Kedro Snowflake data classes

kedro-snowflake natively supports Kedro’s official SnowparkTableDataSet and adds a few new classes to make it easier to use Snowflake with Kedro.

Both of these can be found under the kedro_snowflake.datasets.native module.

For details on usage, see the API Reference below.

API Reference

class kedro_snowflake.datasets.native.SnowflakeStageFileDataSet(stage: str, filepath: str, dataset: str | dict, filepath_arg: str = 'filepath', database: str | None = None, schema: str | None = None, credentials: Dict[str, Any] | None = None)
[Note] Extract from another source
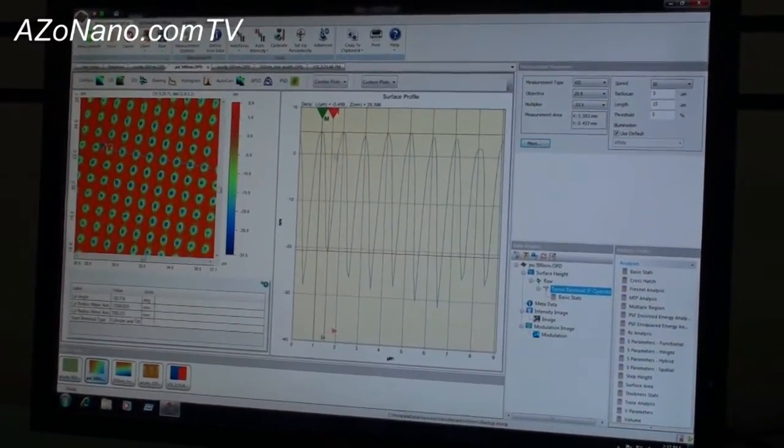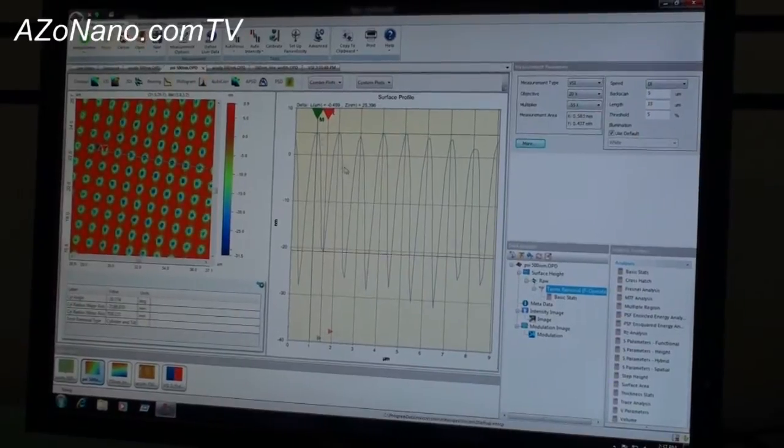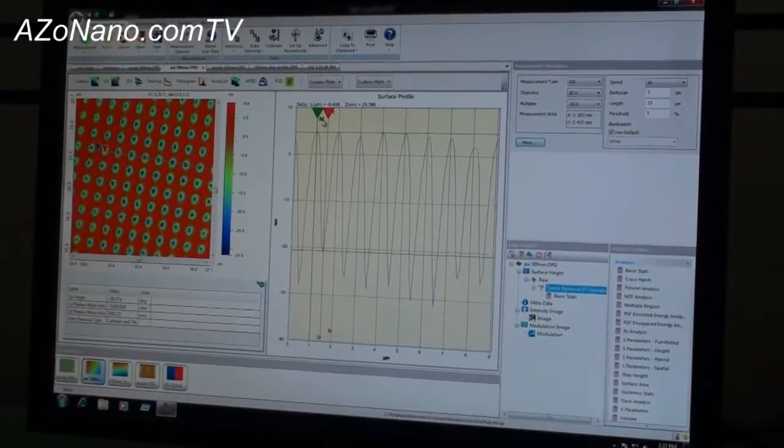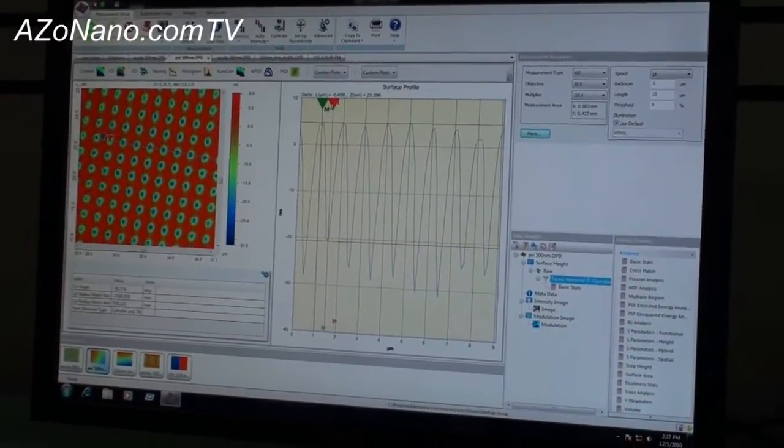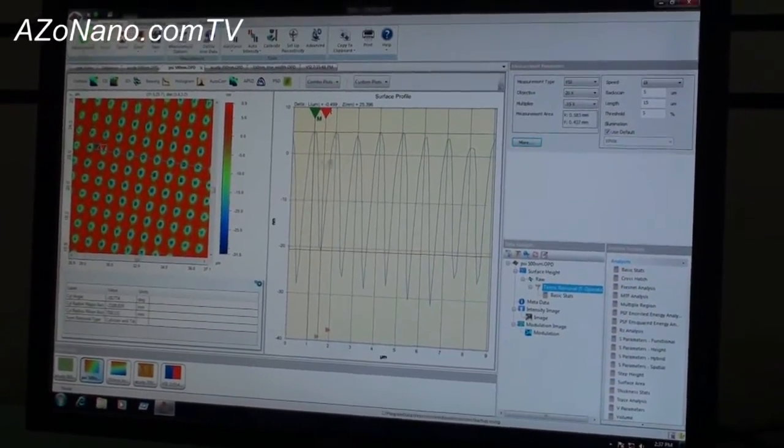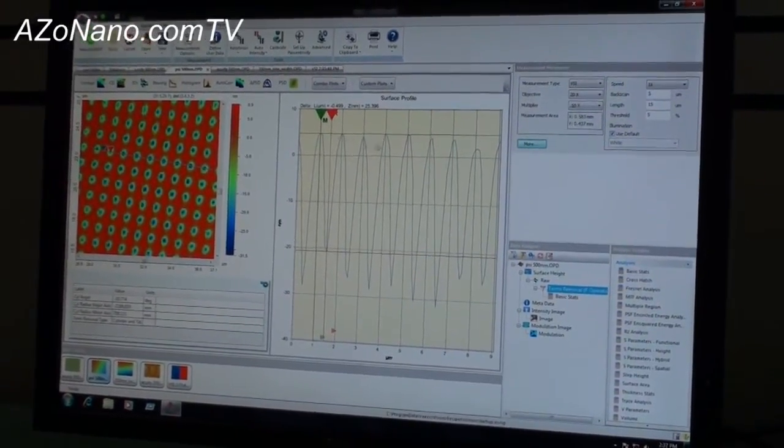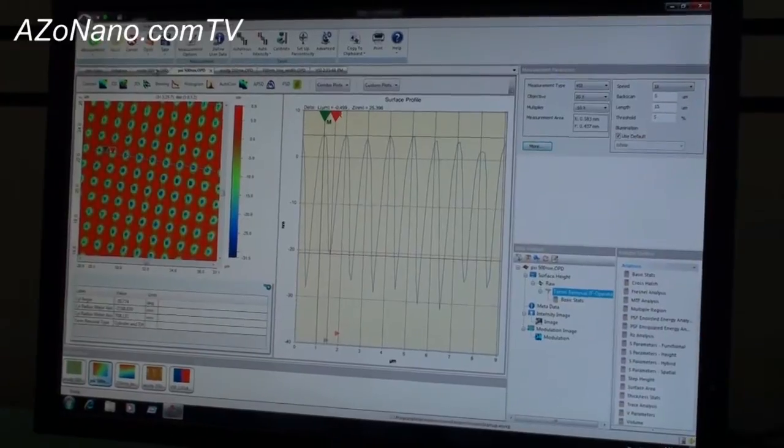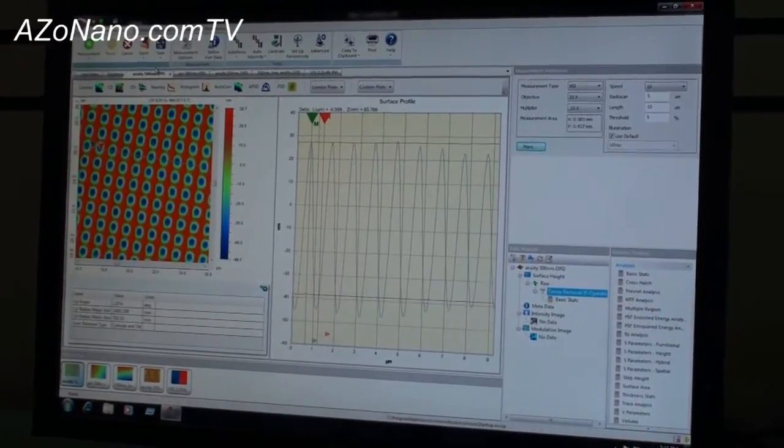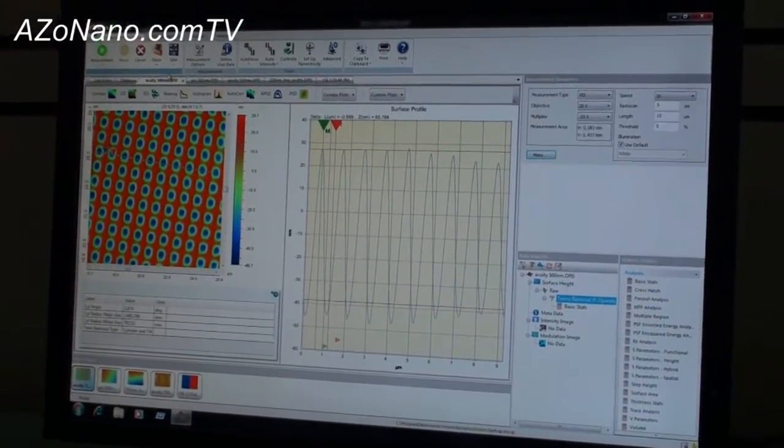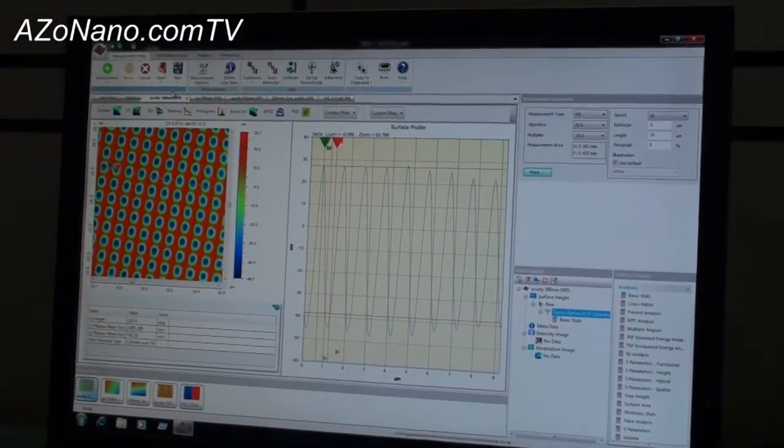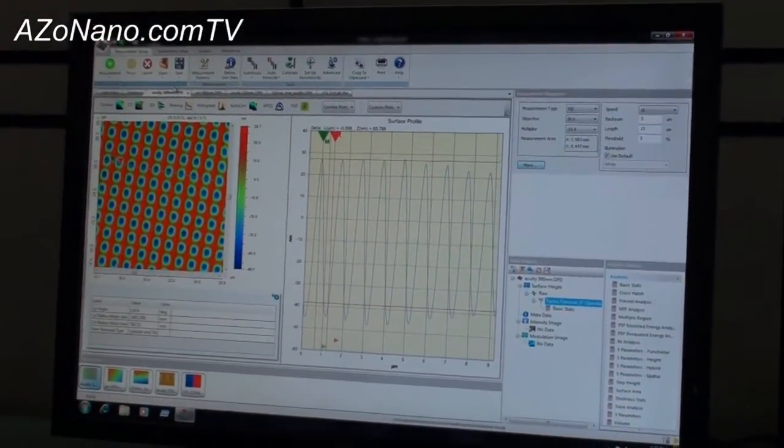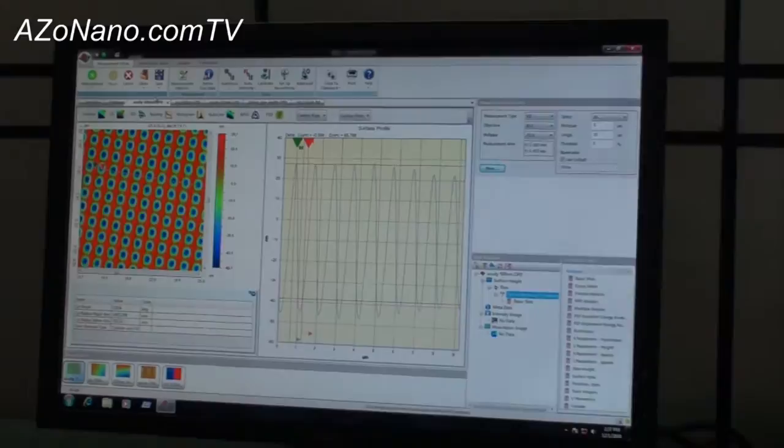If we go back and look at something done with the standard phase shifting interferometry, you'd see it's chunky and pixelated. Here we see it's very smooth and gives us a real nice representation of what these pits look like.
Dataset providing an integration with most of the standard Kedro file-based datasets. It allows to store/load data from Snowflake stage for any underlying dataset, e.g. pandas.CSVDataSet etc.

Args

- stage: Name of the Snowflake stage. Must start with @.
- filepath: Path to the file in the Snowflake stage.
- dataset: a dictionary for configuring the underlying dataset.
It can be either a string with only dataset name (e.g. “pandas.CSVDataSet”)
or a dictionary with the same structure as you would use in the Kedro catalog.yml.
- filepath_arg: Name of the argument in the underlying dataset that accepts the filepath (default is filepath). # noqa
- database: Name of the Snowflake database. If not specified, will attempt to load from the credentials.
- schema: Name of the Snowflake schema. If not specified, will attempt to load from the credentials.
- credentials: Credentials to use to load/save data from Snowflake. Can be used instead of schema/database # noqa in the same fashion as in the kedro_datasets.snowflake.snowpark_dataset.SnowparkTableDataSet.

Example

Example of a catalog.yml entry:

preprocessed_shuttles:
  type: kedro_snowflake.datasets.native.SnowflakeStageFileDataSet
  stage: "@KEDRO_SNOWFLAKE_TEMP_DATA_STAGE"
  filepath: data/02_intermediate/preprocessed_shuttles.csv
  credentials: snowflake
  dataset:
    type: pandas.CSVDataSet